What would a sci-fi 4x look like if it were trimmed of all the fat? Blue Wizard takes a merciless cleaver to the usual formula and offers up a delectable lean cut, all steak and just enough sizzle.

From the review:

This is a game with the same stuff as its far more detailed and complicated cousins, but it knows how to move. It knows how to make things happen at different interrelated levels, without sprawl, with a laser beam focus on doing the stuff you came to do when you decided to play a grand strategy game.

 

State of Decay 2


Not just more of the same. The base-building offers more choice, the logistics are heartier, the map progression is based on zombie ecology, the graphics engine is smoother, the cars are cooler, and the nights are darker.

From the review:

The genius of developer Undead Labs is how well they get not just the essentials of zombie mythology, but the moment-to-moment incidentals.
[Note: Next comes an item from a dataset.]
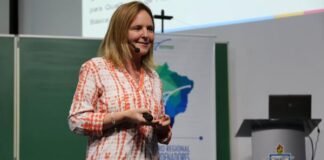 Farmacêutica Margô Karnikowski recebe título de cidadã benemérita nesta terça (7)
The tension as you’re filling your gas tank while a horde shambles down the road toward you. The unexpected horrific face in your flashlight beam as you’re exploring a dark house that you thought was empty. The panic of holding one zombie back while two more lunge at you from either direction. The rot and shuffle. The disparate survivors working together, one a firefighter, the other a car salesman, another a low level politician. That last important bullet. That fortuitous rucksack of food to feed your survivors for another day. The hero killed, which wasn’t supposed to happen. Most of the time you’re prepared. That’s the gratifying part of State of Decay. Sometimes you’re not. That’s the dramatic part.

 

Synthetik


So many rogue-likes focus on the overall structure of the rogue-like, sometimes at the expense of the moment-to-moment experience. Move a little dude around an arena and press an attack button. Whack, whack, whack. Whack, whack, whack. Whack, whack, whack. It’s just filler where the real game is the upgrade system and the treasure and the procedurally generated terrain. But Synthetik builds from hard-hitting intricate gunplay, with kick, detail, and the serious whomp of hearty sound design.

 

Wreckfest


At last, a serious racing game that doesn’t need to preen!

From the review:

…its core value is rough and tumble instead of shaving a few seconds off a lap. It’s for those of us who long to drive like we did when we were teenage boys: rude and reckless, like we’re the star of an action movie instead of sharing a road with other cars.

 
 
You might have noticed that I wussed out and put the list in alphabetical order. Believe me, I tried to rank them. I really did. But I eventually decided that kind of agonizing will have to wait until December.